┌─ Input data
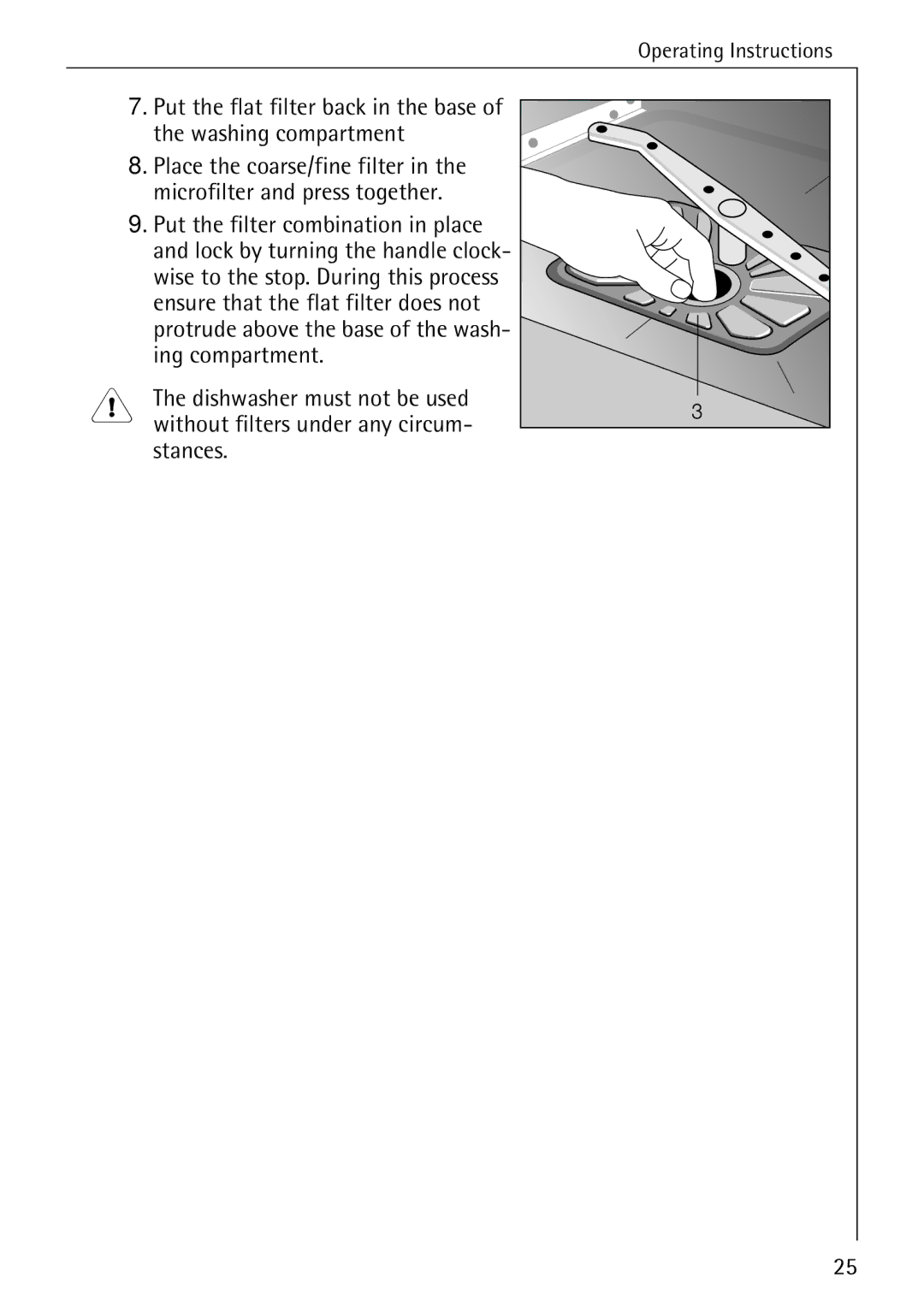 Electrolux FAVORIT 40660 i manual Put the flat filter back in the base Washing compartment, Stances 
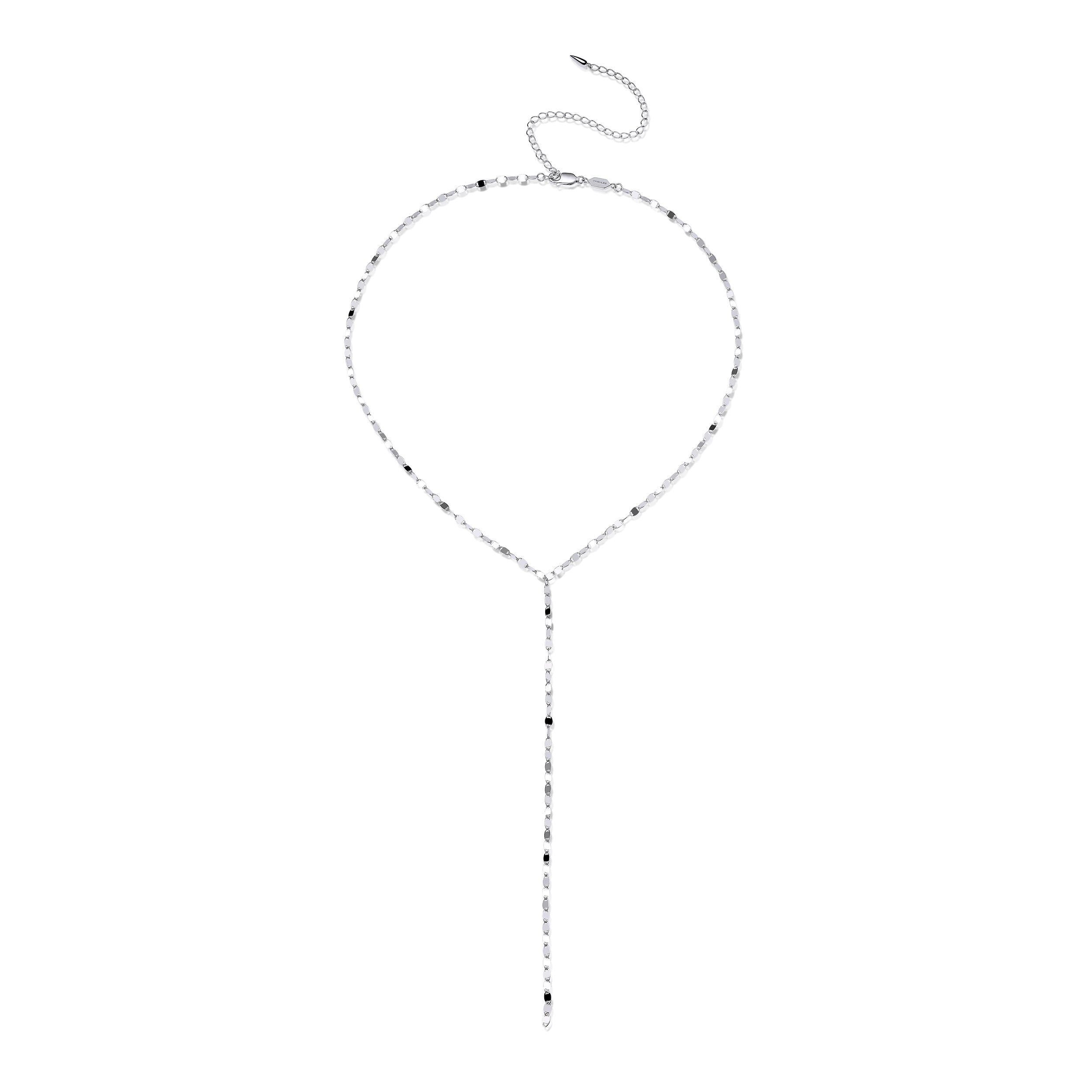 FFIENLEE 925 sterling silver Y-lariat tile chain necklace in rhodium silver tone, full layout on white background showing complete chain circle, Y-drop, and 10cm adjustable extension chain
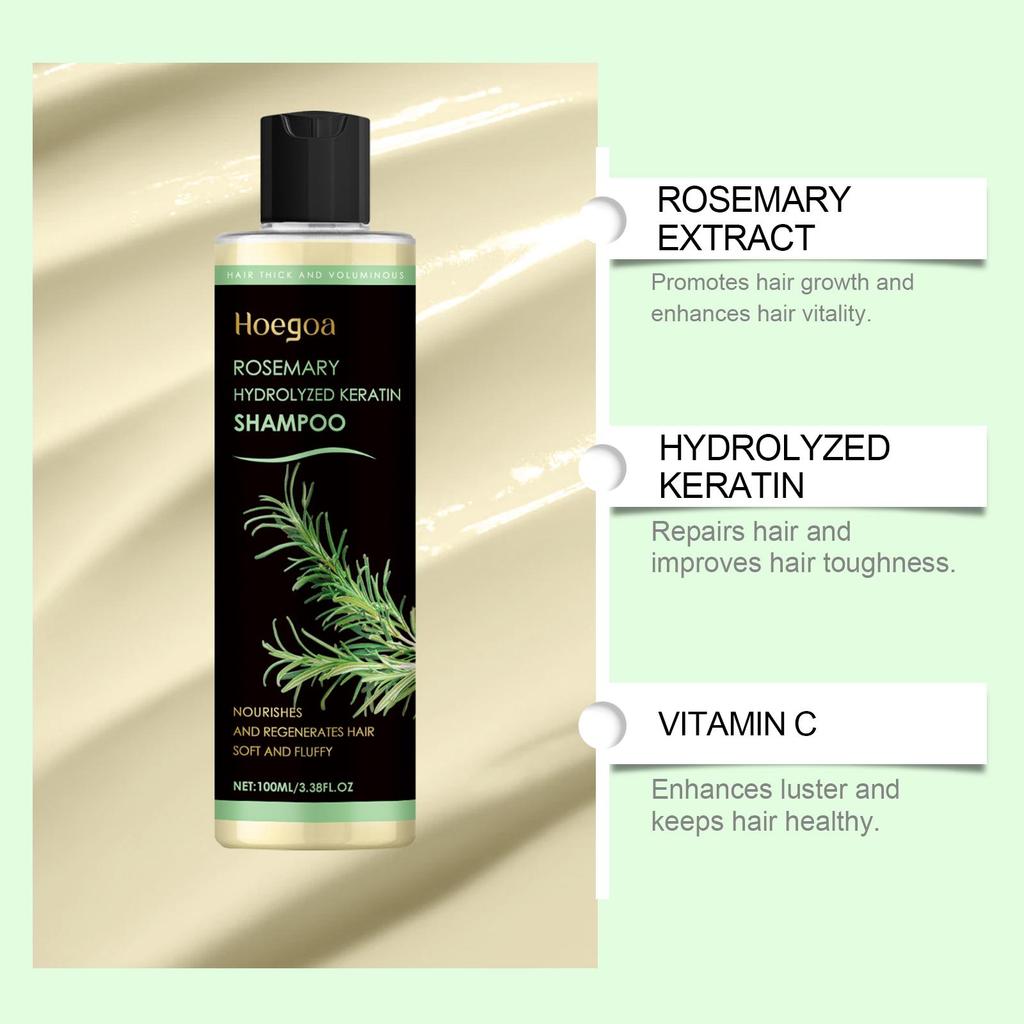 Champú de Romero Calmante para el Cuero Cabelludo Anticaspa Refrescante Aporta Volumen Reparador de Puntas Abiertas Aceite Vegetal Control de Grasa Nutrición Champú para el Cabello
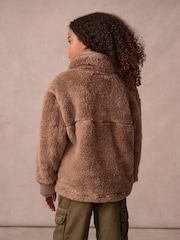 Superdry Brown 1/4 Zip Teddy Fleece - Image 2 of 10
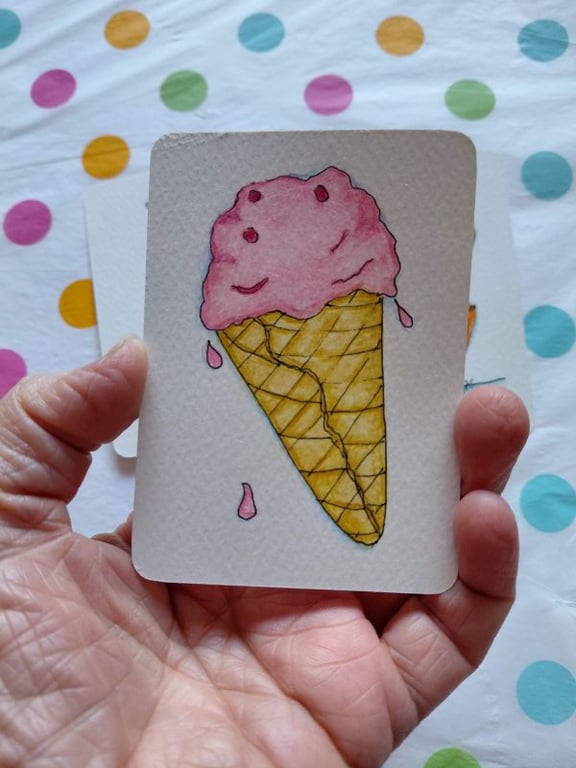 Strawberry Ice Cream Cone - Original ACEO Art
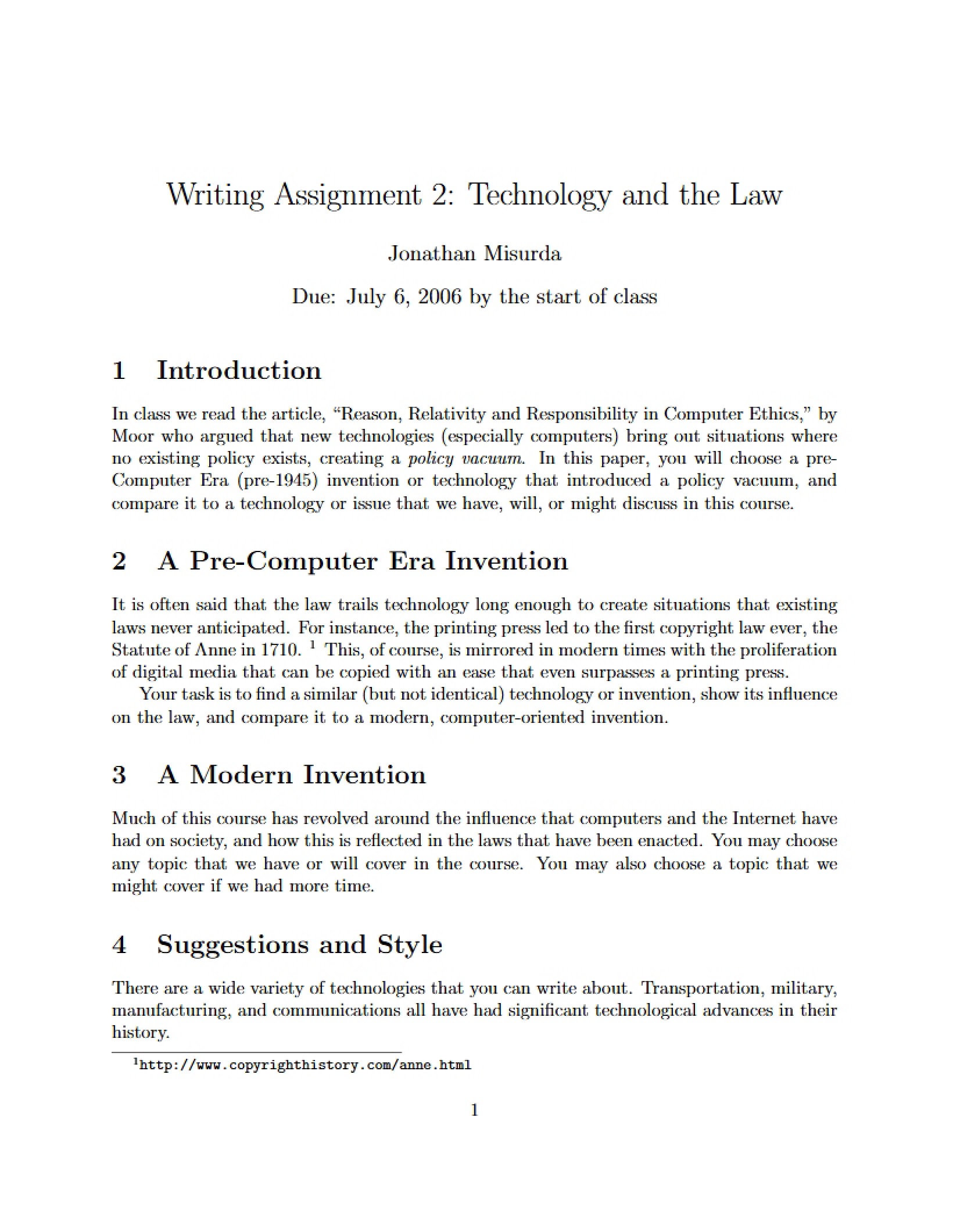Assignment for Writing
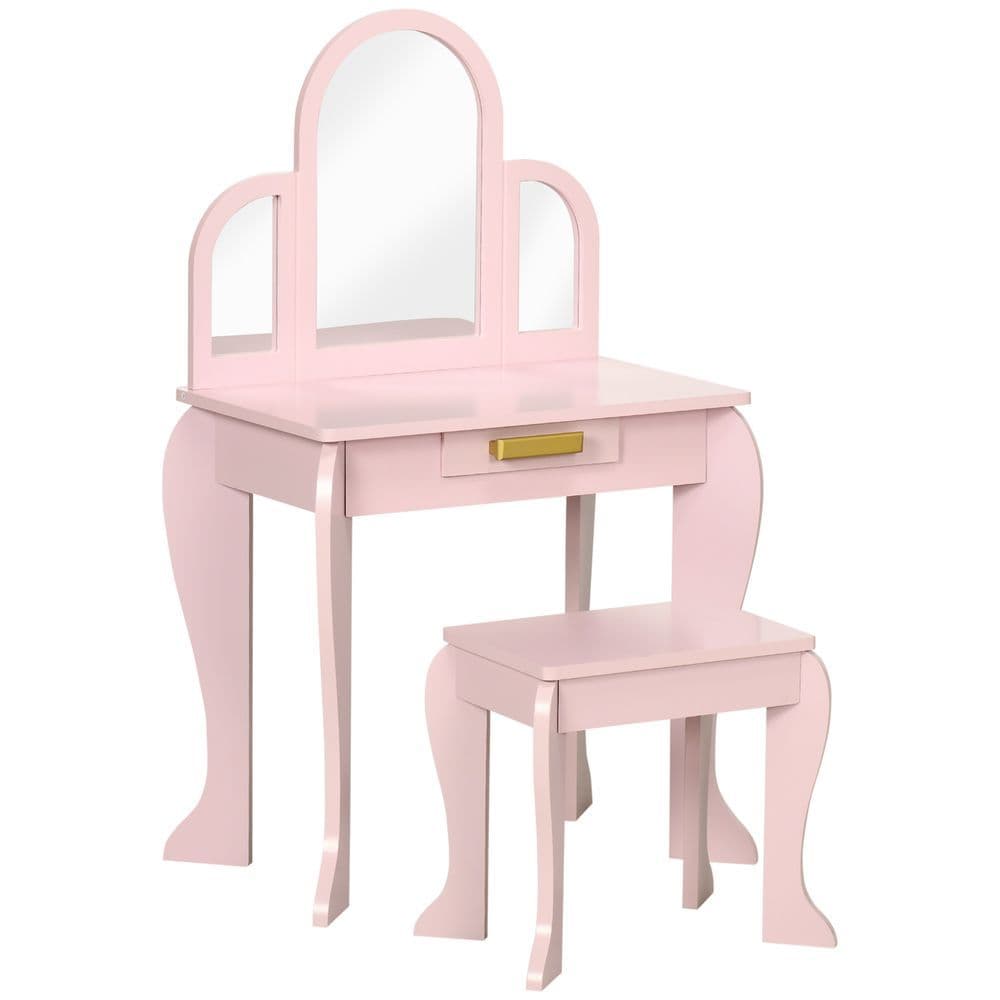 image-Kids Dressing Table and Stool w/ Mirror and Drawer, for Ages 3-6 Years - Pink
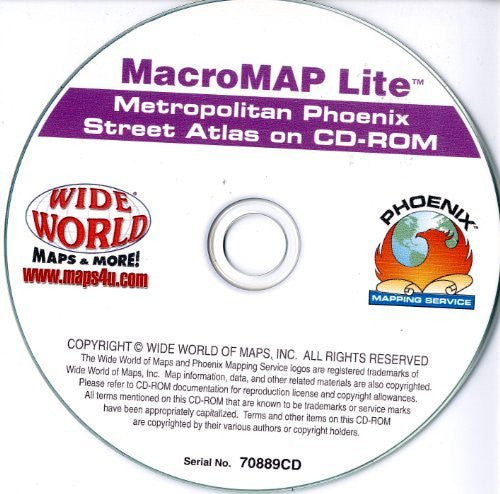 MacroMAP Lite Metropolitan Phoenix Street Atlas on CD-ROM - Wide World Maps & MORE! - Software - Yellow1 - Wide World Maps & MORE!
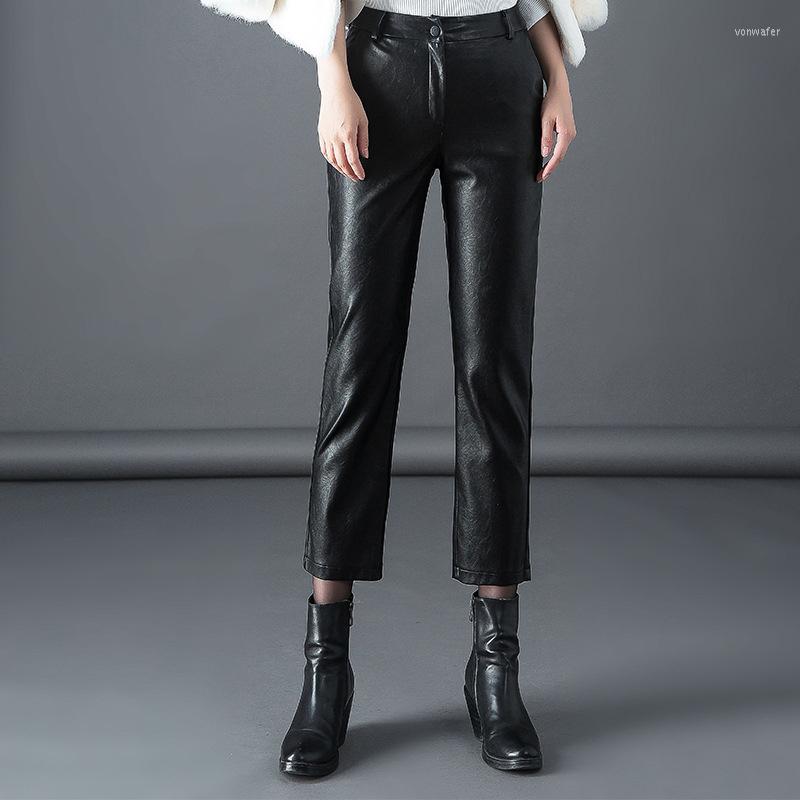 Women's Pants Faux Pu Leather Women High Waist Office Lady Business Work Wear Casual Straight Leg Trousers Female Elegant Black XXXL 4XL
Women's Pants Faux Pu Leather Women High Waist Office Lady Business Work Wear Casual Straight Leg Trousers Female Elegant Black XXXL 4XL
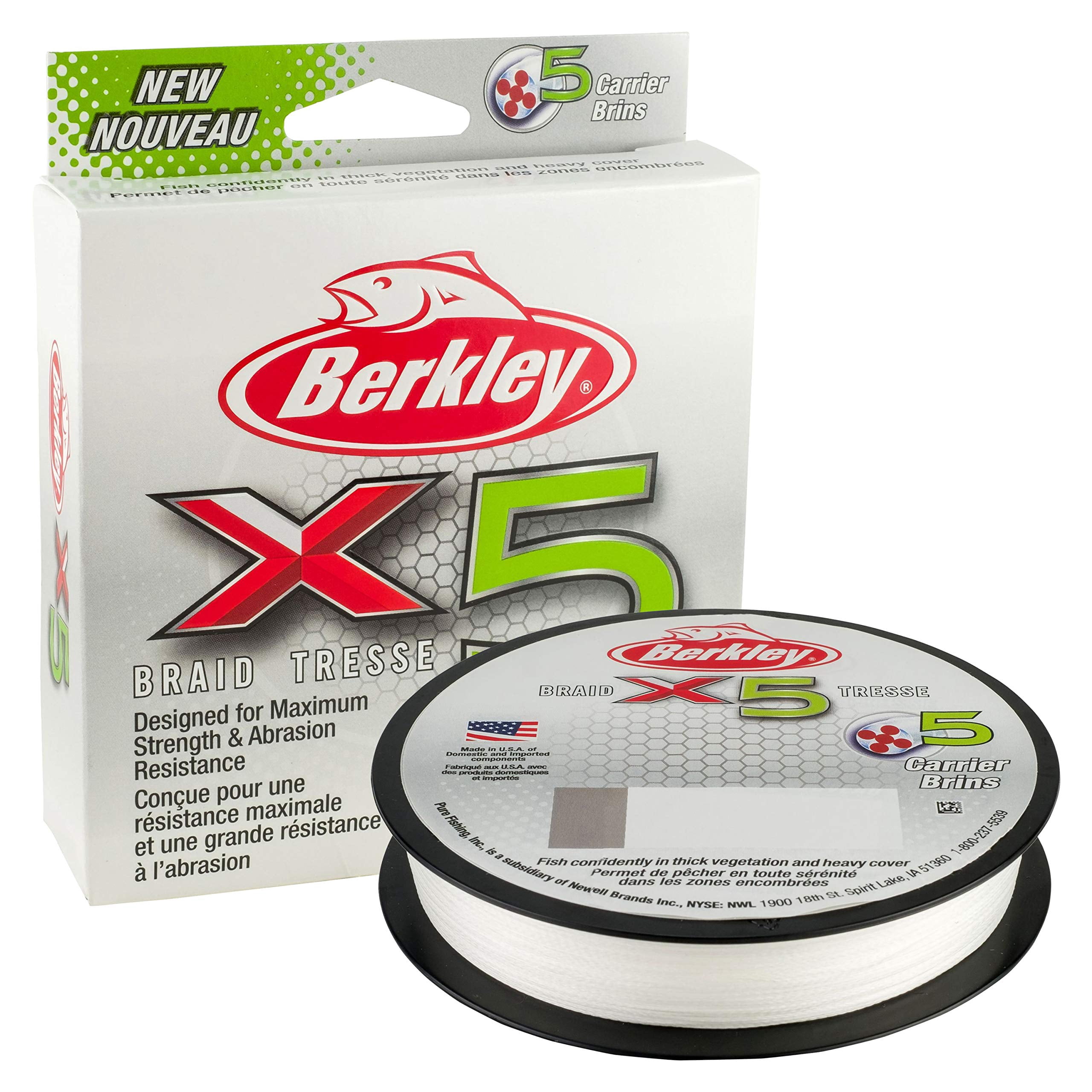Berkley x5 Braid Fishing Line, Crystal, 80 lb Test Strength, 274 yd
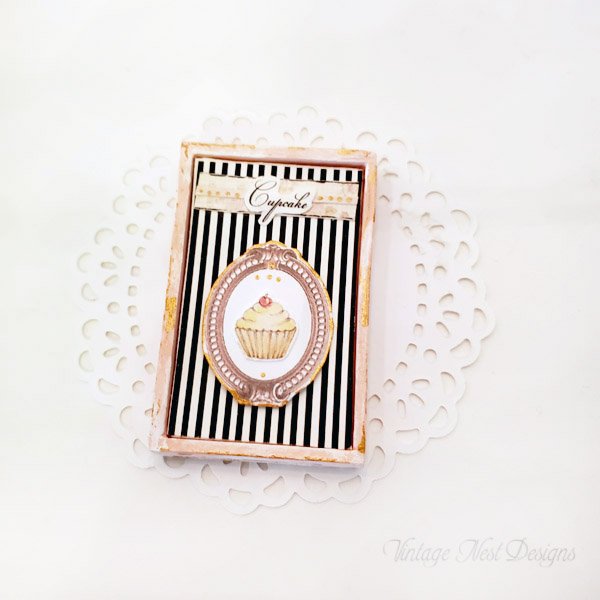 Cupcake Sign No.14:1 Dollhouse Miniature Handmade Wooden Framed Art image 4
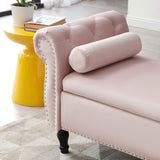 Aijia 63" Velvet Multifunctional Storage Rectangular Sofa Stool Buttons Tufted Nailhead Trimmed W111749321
└─
## Work task
In the listing above, find the line with "Champú de Romero" and the line with "Superdry Brown 1/4". Output both, plus every line between them, and no pictures.

## Response to the exercise
 Champú de Romero Calmante para el Cuero Cabelludo Anticaspa Refrescante Aporta Volumen Reparador de Puntas Abiertas Aceite Vegetal Control de Grasa Nutrición Champú para el Cabello
 Superdry Brown 1/4 Zip Teddy Fleece - Image 2 of 10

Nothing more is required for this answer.